Her articles, which initially appeared in Harper’s Bazaar and were later included in her first volume, A Book of Mediterranean Food (1950), read more like travel pieces. The recipes were simple, interwoven with her beautifully written and vividly evocative memories and laced with quotations from literary observers of the Mediterranean such as Henry James, Norman Douglas and Lawrence Durrell.
Four other books followed: French Country Cooking (1951), Italian Food (1954), Summer Cooking (1955) and her best-known book, French Provincial Cooking (1960). At the same time she continued writing articles, moving from Harper’s to Vogue in 1956 and also contributing to, among others, the Daily Express, the News Chronicle and The Sunday Times. In 1960 she was taken on by the Spectator.
Through these works, David developed an aesthetic approach to marketing, cooking and presenting food which continues to have a strong hold in cookery today.
THE KITCHEN AT NUMBER 24
Number 24 Halsey Street is a grade II-listed terraced house with three storeys, dating from the 1840s. David initially let out the third and attic storeys to her friends Neville Phillips and Denis Freeman, and then from 1950 to her sister, Felicité Gwynne. Much of David’s part of the house was eventually taken over by her books and she increasingly confined herself to her bedroom on the first floor and to her kitchen.
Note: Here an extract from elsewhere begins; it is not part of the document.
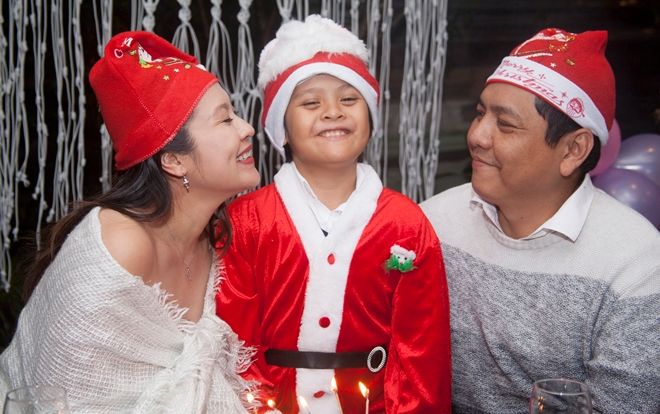 Mang bầu tháng thứ 7, Thanh Thúy vẫn tự tay chuẩn bị sinh nhật cho Đức Thịnh: Gia đình 'kiểu mẫu' là đây chứ đâu!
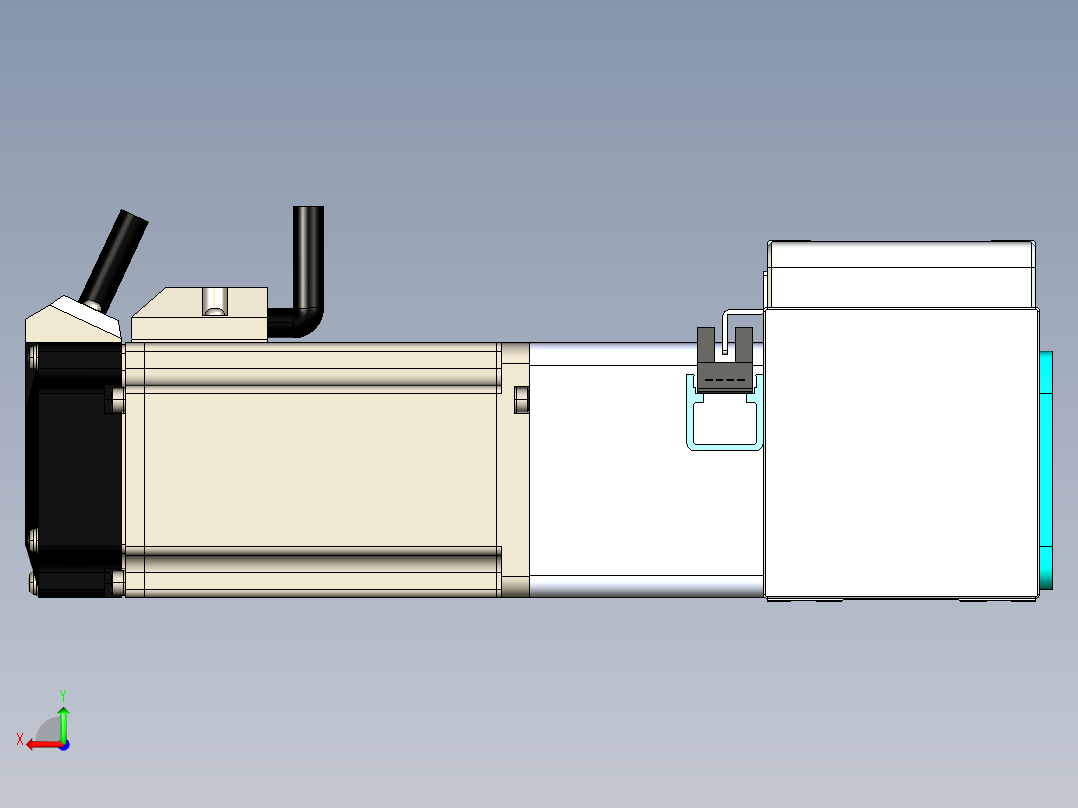 欧规系列-LB6A-L130-S3150-BL-ZP40-C3后视图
From 1948 until the 1980s, the kitchen was in the back extension. It was there that she wrote, cooked and entertained, in each case often with a glass of good wine and a Gauloise. Many friends remember the room, with its big pine table, a French armoire and several dressers, a chaise longue, a butler’s sink, a gas stove, and masses of pots and pans, plates and bowls on display.